And so I imagine that in the long run, an analysis of the cost of the strategic illiteracy at the highest echelons of political governance to the economic fortunes of Ghana will tell a sad story of how our own collective Fama Nyame fetish is the other side of the same coin of strategic-less existence, and how these have significantly perpetuated our proximity to poverty.

Alas, the pyrrhic decisions of our national leaders, coupled with the apparent national tolerance for mismanagement and corruption not only portray the incredible depth of ambivalence among many Ghanaians who do not regard corruption as a serious crime that warrant one to protest against but also how pathologically inured we are, and will continue to be for years, to woefully bad leadership.

To decisively tackle Ghana’s severely weakened economy, there is the urgent need to implement several structural reforms, the success of which will depend on how we successfully confront the twin evils discussed earlier. Firstly, economic policies should be based on sound and implementable strategies. That is the rational and logical pillar of any policy making paradigm. The second pillar should be deliberately motivational and premised on a behavioural imperative - zero tolerance of Fama Nyame in our political and economic posture. Ghana needs a merit-based system which rewards responsibility, competence, grit and performance, and punishes corruption, fraud, incompetence and the passing the buck in all it forms and shape. 

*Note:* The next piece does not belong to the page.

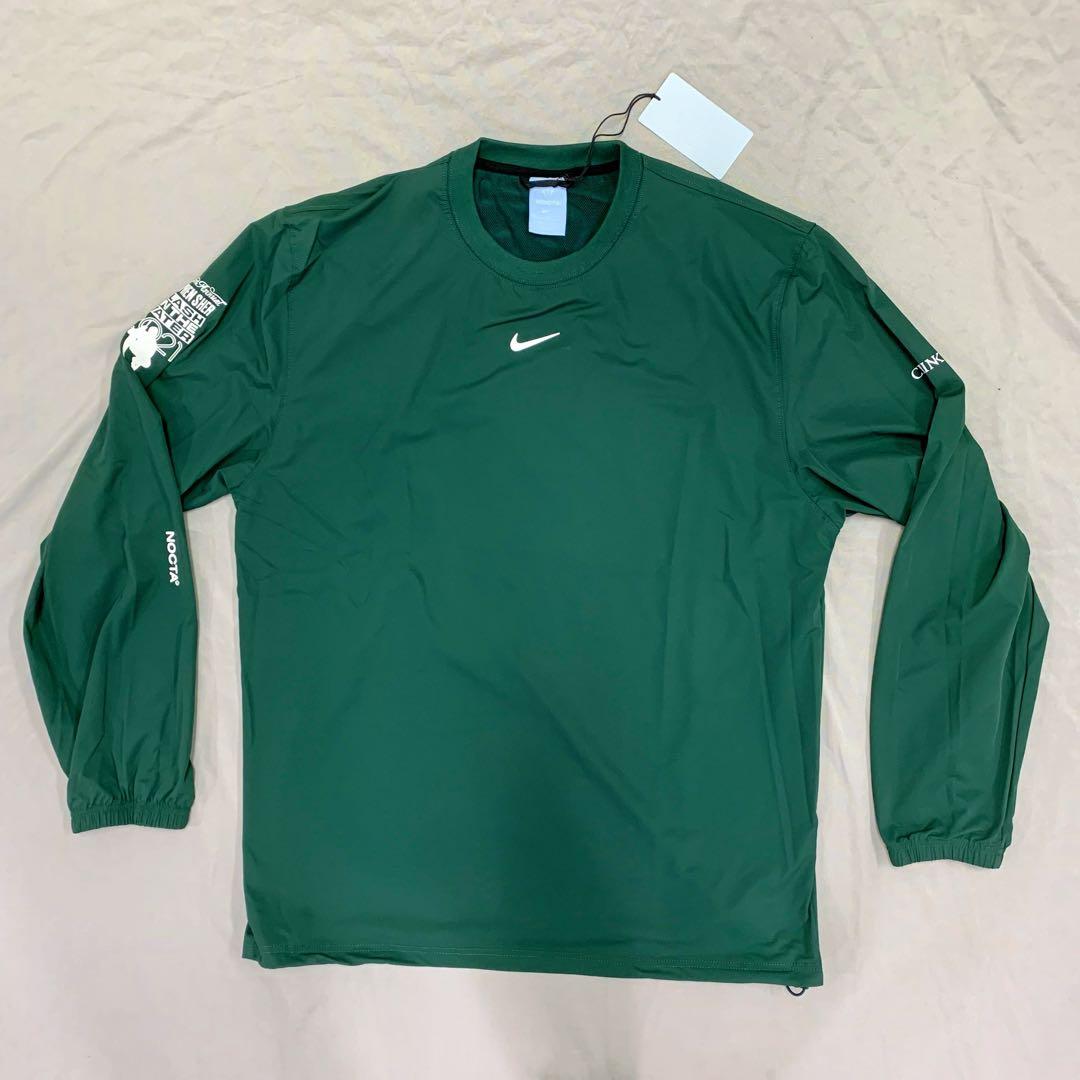 Nike x Drake Nocta Crewneck ゴルフジャージ グリーン - メルカリ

Ultimately, this will require the emergence of a concerted, strategic and paradigm-shifting leadership in our beloved land. As the lesson of King Pyrrhus shows, strategy and empowered mindsets are what it takes to avoid pyrrhic outcomes. Again as the examples of Singapore and other successful emerging countries suggest, incredible progress can be achieved through bold, concerted, strategic leadership. Ghanaians must therefore decisively do away with the nonstrategic mindsets and traditions that hold us back and with Christ's grace "mount up with wings as eagles" run unwearied and walk confidently towards our blessed lot (Isaiah 40:31). Only what is considered globally to be the best should be acceptable to Ghanaians. If Singapore and others could do it, so can we.